This afternoon, a friend emailed me a link to a New York Times blog, teasing, “Did you break some New Yorker’s heart?” The piece is by a city transplant returning West after a soured love affair with a red-haired girl. Its author, Christopher Solomon, is an acclaimed travel writer whose work has appeared in Outside magazine, Men’s Health and Ski.
On his website, Solomon claims he likes to write about passionate people. He is a passionate writer. Each sentence is infused with an instant sense of time and place. Reading about the Virginia native’s attachment to the Pacific Northwest, I was back in the passenger seat of my friend’s vintage BMW, watching the Cascades loom like giants. Despite being a lifelong New Englander, home appeared in the macaroni and cheese I ate at Pike Place Market. It appeared again in the shiny tail of Puget Sound.
Like the red-haired girl he chased East, Solomon’s Manhattan is as alluring as a new love. Hopes are built on the heat of possibility. Over time, flaws appear. Reality emerges slowly, uncomfortably. Pedestals crumble under the weight of expectations. Lovers become like strangers in an overpacked subway car. Solomon’s Gotham infatuation ended with his relationship.
Oddly, the piece includes a picture of a young man peering at the city’s skyline.
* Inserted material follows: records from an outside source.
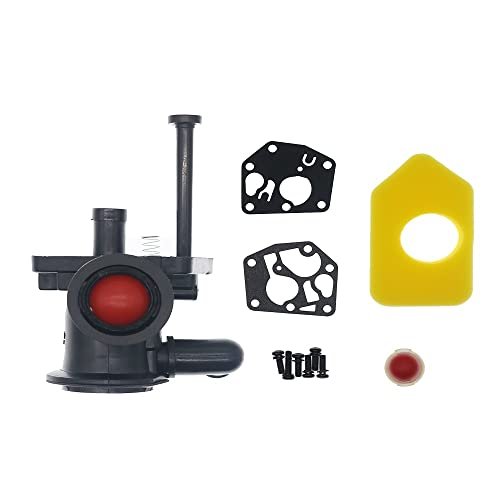 Poulan Pro Lawn Mower Carburetor Replacement
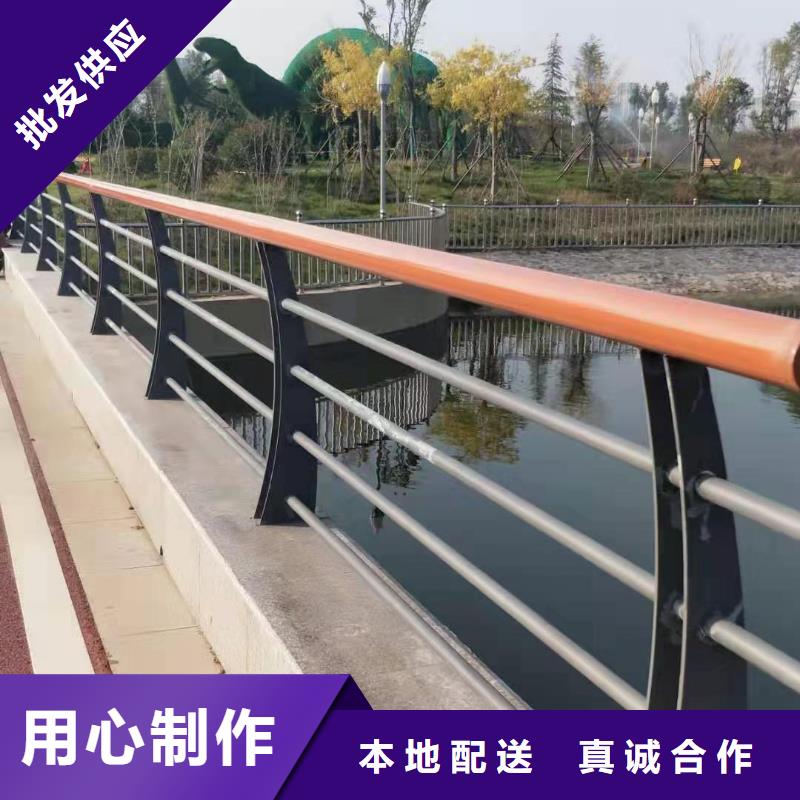 不锈钢桥梁栏杆、不锈钢桥梁栏杆厂家直销-质量保证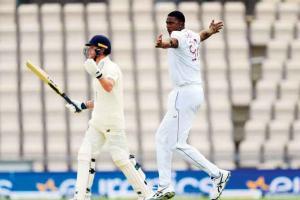 Stokes and Co choke; bowled out for 204 as Holder bags best figures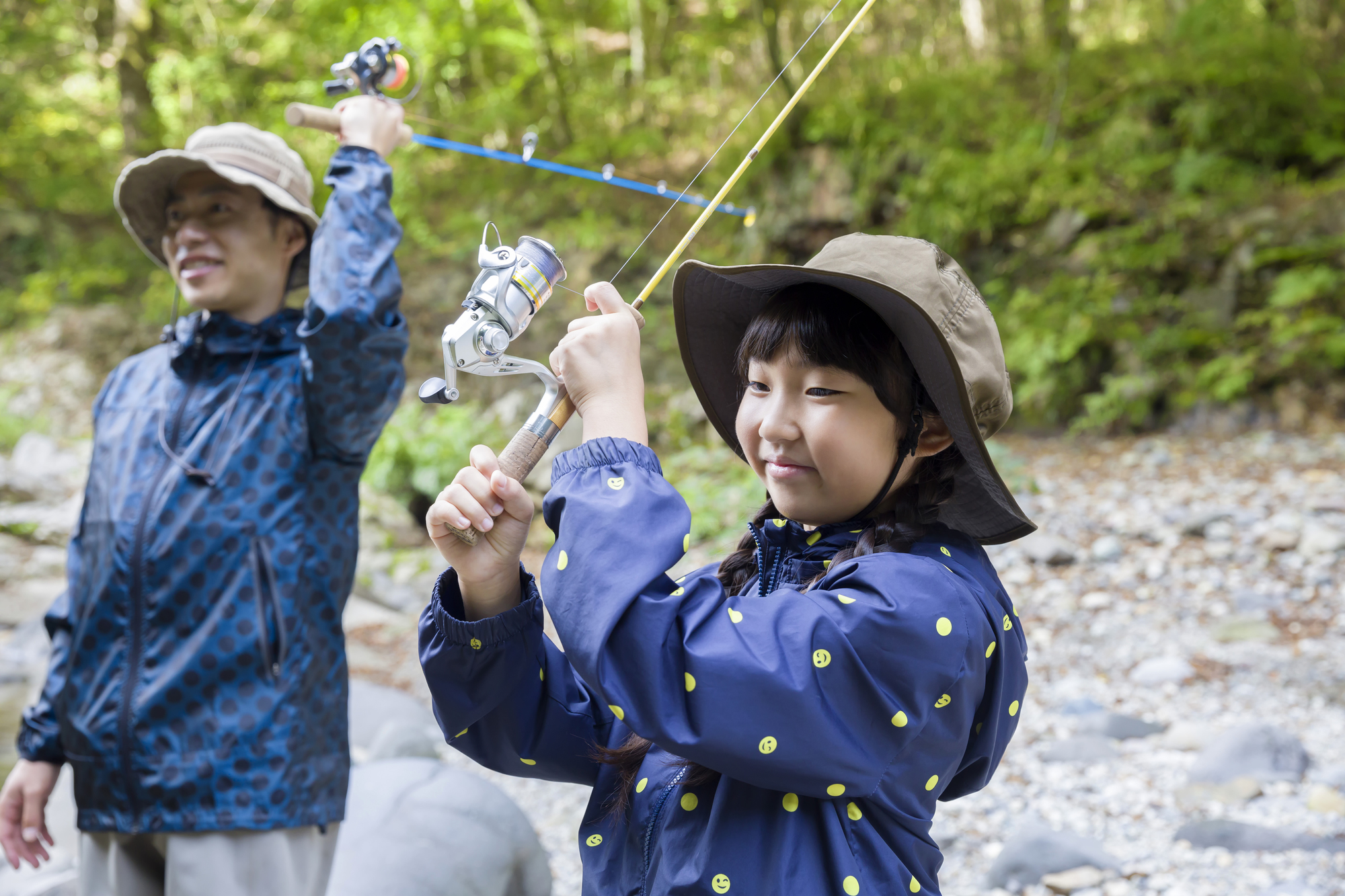 関東で川釣りするならここ 家族もおすすめな釣り場をご紹介 Aini Magazine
Most of the blog’s readers presume Solomon is young, not tough enough to stand the city’s grit. In truth, Solomon looks well into his 30s or 40s. According to his biography, he has eaten whale blubber and chased sunken treasure down the murky bottom of New York Harbor. He is not a young man, nor one who lives life passively.
After all, he knows when it's time to say goodbye.